Thursday, June 22, 2023

A Wolf in the Park

We were waiting for Grizzly 399 to emerge from the woods. Out of the corner of our eyes we saw a flash as a large bull elk ran full speed across the highway. Luckily it did not get hit by any cars and ran into the meadow before disappearing into the thick ponderosa and lodgepole forest.
Turning back to where we thought 399 and her cub would emerge, but we instead saw a flash of a canid. I snapped a quick picture as it ran next to our group of photographers.
It then stopped to watch the elk, hoping it had been hit by a car, but instead the elk was unharmed and the wolf caught its breath, looked at us, and then loped into the forest, going over a hill and disappearing as fast as it had appeared.
It was the first wolf we had ever spotted in Grand Teton National Park and spotting it made our day, (notice how sharp its teeth are and thta the wolf has been radio collared)!
It won’t be long before the grizzlies move high up in the mountains.

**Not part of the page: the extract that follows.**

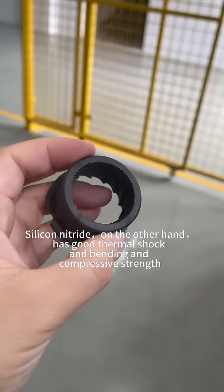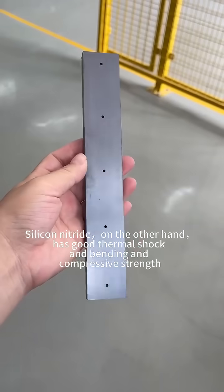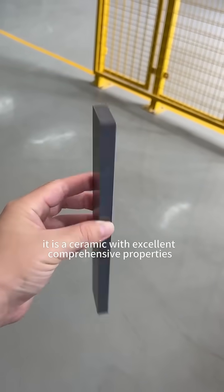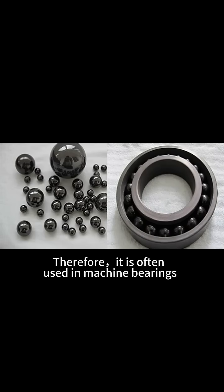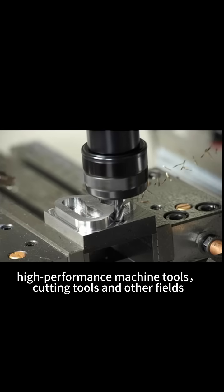Silicon nitride, on the other hand, has good thermal shock resistance and bending and compressive strength. It is a ceramic with excellent comprehensive properties. Therefore, it is often used in machine bearings, aircraft turbine engines, high-performance machine tools, cutting tools, and other fields.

Then, they will be eating carpenter moths and white bark pine nuts. The moths are about fifty percent fat, and the bears will turn over rocks finding and eating as many as twenty thousand moths a day, (I have been told that their fat content is so high that you can light a moth with a match and it will burn like a candle, and no I would never do that).
The moths account for about twenty to thirty percent of the bears weight gain in the summer. Because we rarely see bears in the hot summer months, we have been going to Grand Teton National Park every week. The last two times we did see Grizzly bear 399 and her cub but they were so far away that the pictures were poor, (that’s with our 600 mm Sigma Telephoto Lens). So you take what you can get and hope to see flowers, moose and elk.
We did hike about one third of the way up Grand View Point Trail and Renita took pictures of some of the wild flowers. In one picture of Phlox she captured a pretty black and white spotted butterfly!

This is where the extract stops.